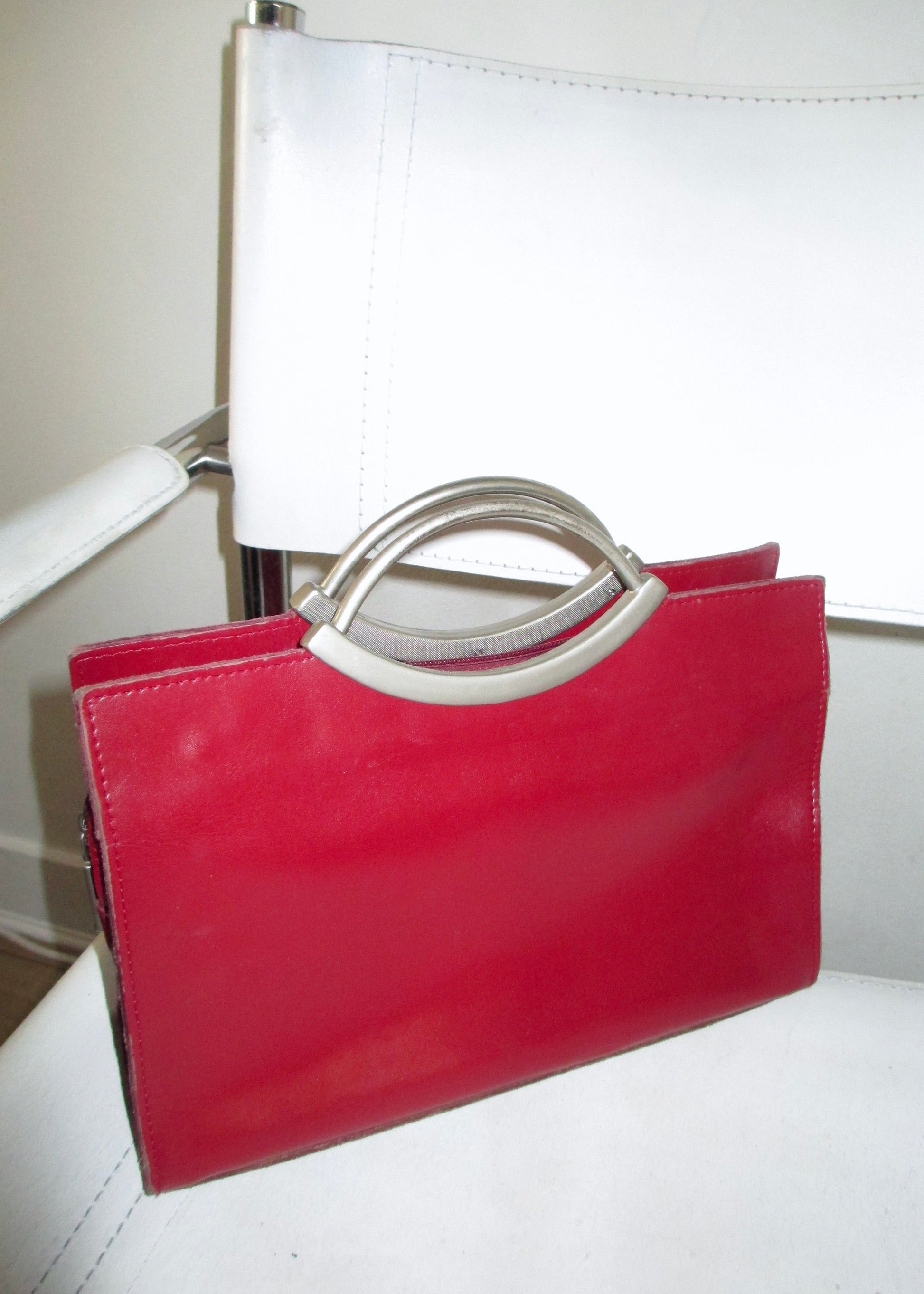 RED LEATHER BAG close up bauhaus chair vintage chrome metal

·····

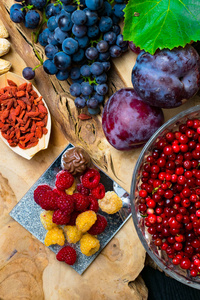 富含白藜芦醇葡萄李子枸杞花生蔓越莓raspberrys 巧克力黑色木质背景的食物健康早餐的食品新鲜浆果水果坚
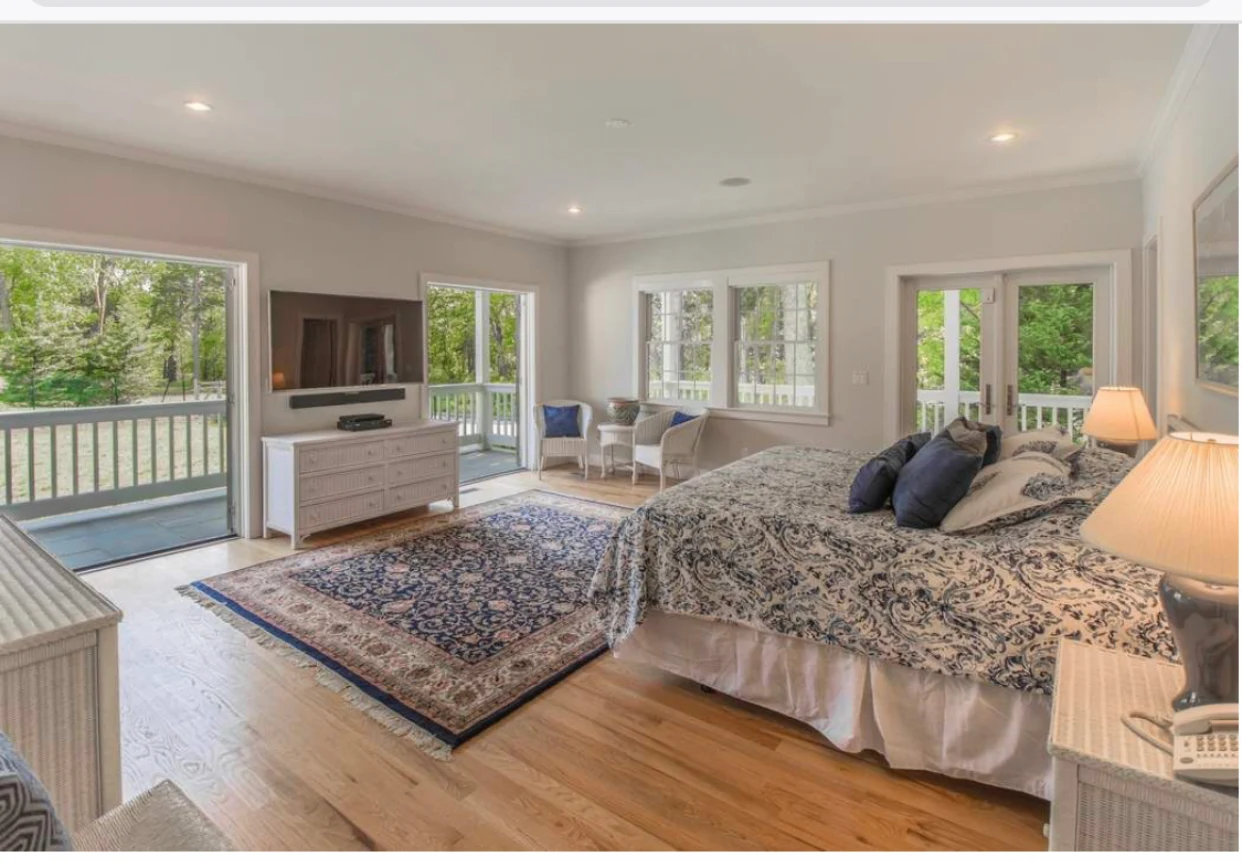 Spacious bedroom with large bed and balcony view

·····

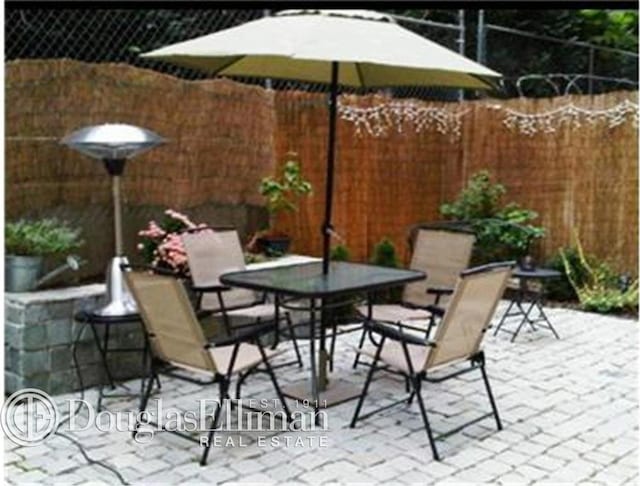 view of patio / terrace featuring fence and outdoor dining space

·····

» ASSIGNMENT
In the listing above, find the line containing "富含白藜芦醇葡萄李子枸杞花生" and the line containing "Spacious bedroom with", then write out both of them and every line between, exactly, with no pictures.

» EXERCISE SOLUTION
 富含白藜芦醇葡萄李子枸杞花生蔓越莓raspberrys 巧克力黑色木质背景的食物健康早餐的食品新鲜浆果水果坚
 Spacious bedroom with large bed and balcony view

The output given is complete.